Sen. Nancy Kassebaum, R-Kan., said the U.S. efforts to remove Noriega "was not merely ineffective. I believe they work against the return of democracy to Panama. The indictments should be left in place."
Sen. Sam Nunn, D-Ga., chairman of the Armed Services Committee, said "The administration has painted itself and our nation in the corner on this matter."
Also unresolved was a separate proposal by Sen. Alfonse D'Amato, R-N.Y., which would let courts impose the death penalty on drug dealers convicted of killing people.
"The American people are entitled to this protection," said D'Amato. "I think we have to find a clearer message for those who deal in drugs. . . . The death-dealing drug lords fear no one."

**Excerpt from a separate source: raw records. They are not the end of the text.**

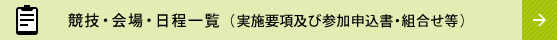 競技・会場・日程一覧（実施要項及び参加申込書・組合せ等）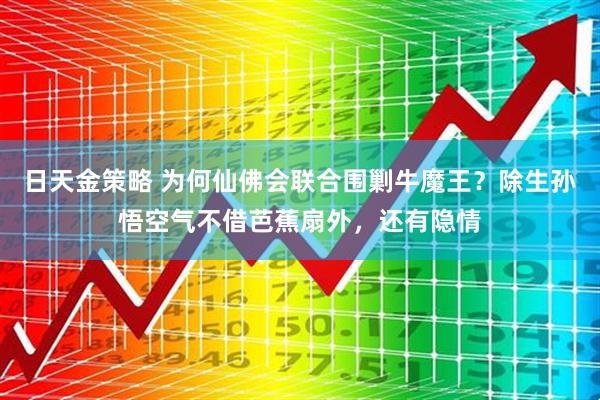 日天金策略 为何仙佛会联合围剿牛魔王？除生孙悟空气不借芭蕉扇外，还有隐情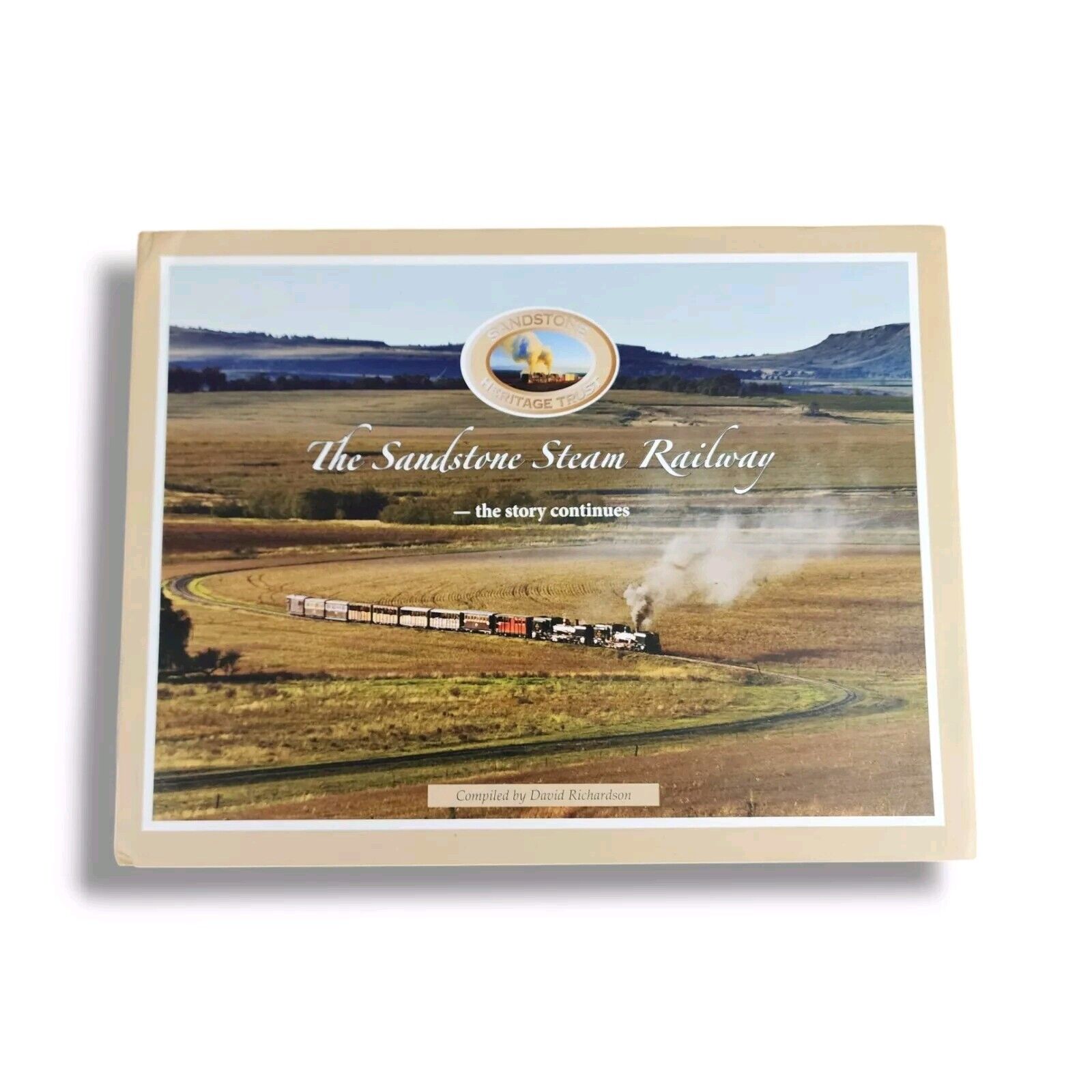 The Sandstone Steam Railway : The Story Continues by David Richardson Train Book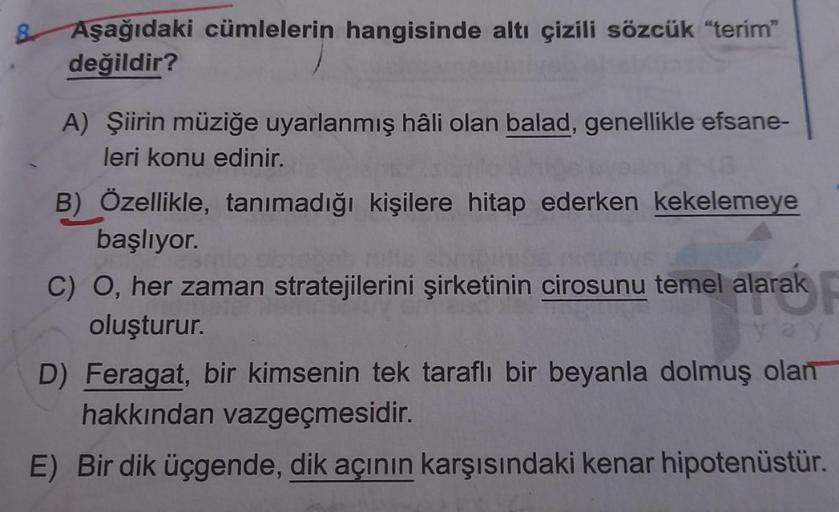 Aşağıdaki cümlelerin hangisinde altı çizili sözcük "terim"
değildir?
A) Şiirin müziğe uyarlanmış hâli olan balad, genellikle efsane-
leri konu edinir.
B) Özellikle, tanımadığı kişilere hitap ederken kekelemeye
başlıyor.
C) O, her zaman stratejilerini şirke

Sen. Carl Levin, D-Mich., said D'Amato's proposal had nothing specifically to do with the Pentagon budget and should be considered in another forum. Senate rules do not require that amendments be germane.
Levin also opposed the amendment because he said studies have shown that people sometimes are wrongly convicted of crimes.
"The main reason I'm opposed to capital punishment is that you cannot correct your mistakes," Levin said. "Time and time again, we've found that we've convicted the wrong man."
The overall bill authorizes Pentagon spending of $299.5 billion in the fiscal year beginning Oct. 1.
Senate passage would send it to a House-Senate conference committee to be reconciled with the House version of the Pentagon budget.